Die Nachricht von seinem Tod heizte in Bayern Spekulationen über eine Rückkehr Bayerns zur Monarchie an. Man erinnert sich: 1921 war ein politisch aufgewühltes Jahr. In München wurde ein Politiker auf offener Straße erschossen, der Mord an Ex-Reichsfinanzminister Erzberger im Schwarzwald brachte die junge Weimarer Demokratie ins Wanken.

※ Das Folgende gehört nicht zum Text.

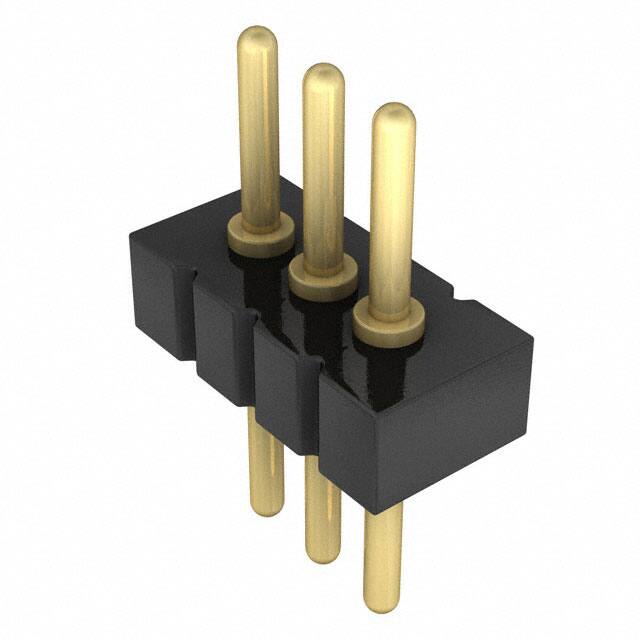 860-10-003-10-001101Preci-Dip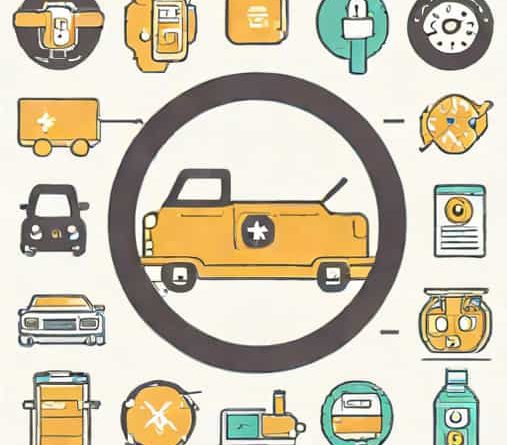 What Drugs Are Known To Impair Driving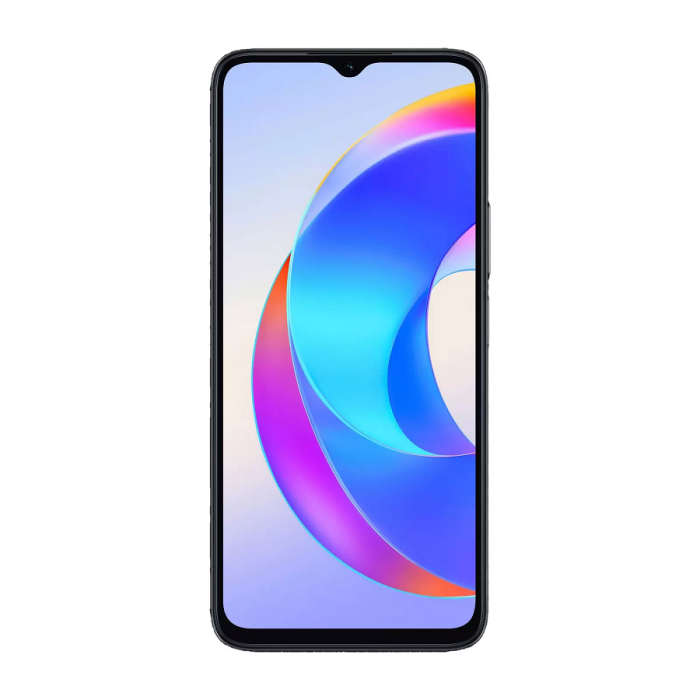 جوال HONOR  X5 PLUS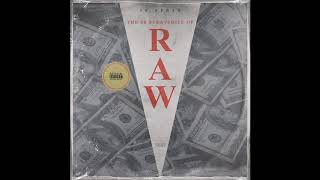 38 Spesh - Everywhere I Go Ft. Klass Murda (Produced By 38 Spesh)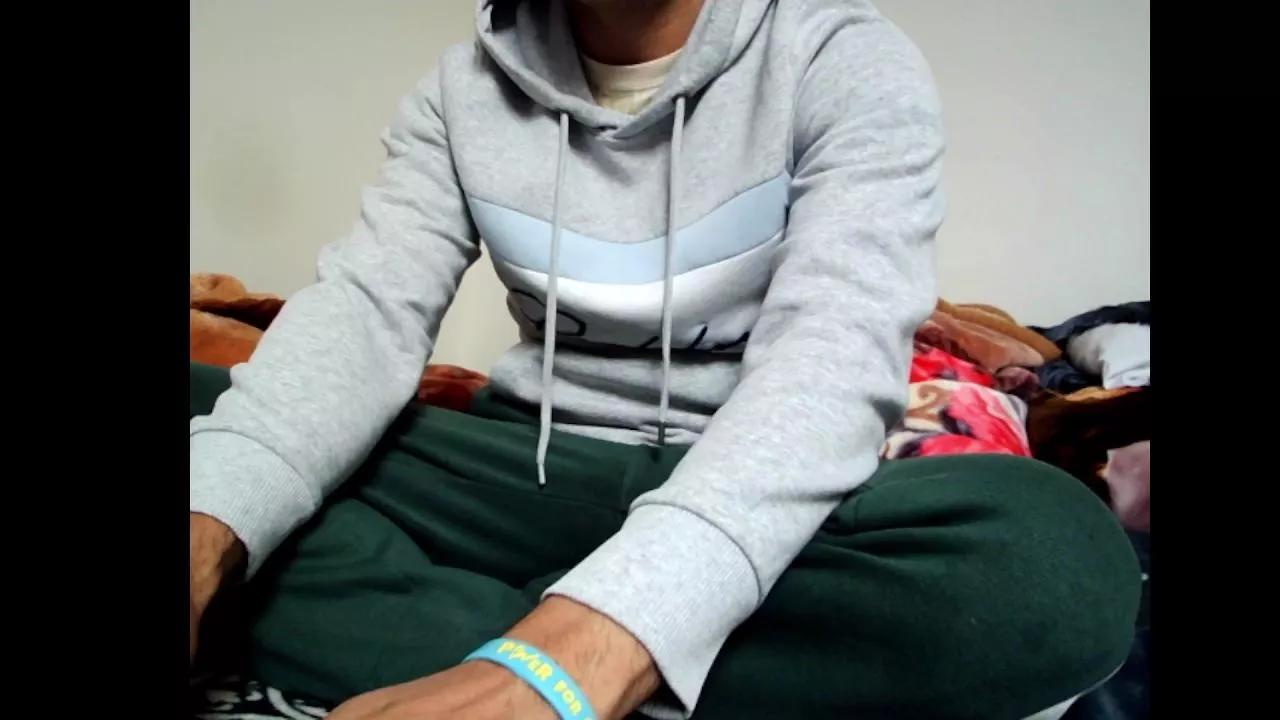 Aazbbz20 on Cam4 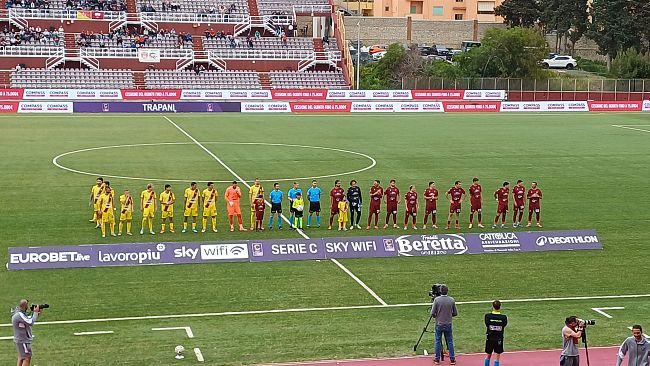 calcio-serie-c-finale-amaro-per-il-trapani-adesso-la-salvezza-e-un-miraggio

In dieser Situation schien ein Putsch von rechts nicht ausgeschlossen. Der erst vor einem Monat ins Amt gelangte Ministerpräsident Hugo Graf von Lerchenfeld (BVP) rang seinem Amtsvorgänger Gustav von Kahr, nun Regierungspräsident von Oberbayern und mit der Organisation des Begräbnisses betraut, ein Versprechen ab: Kahr dürfe aus Anlass der Beisetzung von Ludwig III. und der drei Jahre zuvor verstorbenen Marie Therese keinen Staatsstreich in Gang setzen. Dennoch: „Im Umkreis des Korps Oberland und anderer national-völkischer Kreise wurden Gerüchte über einen Putsch lanciert“, schreibt der Historiker Dieter Weiß.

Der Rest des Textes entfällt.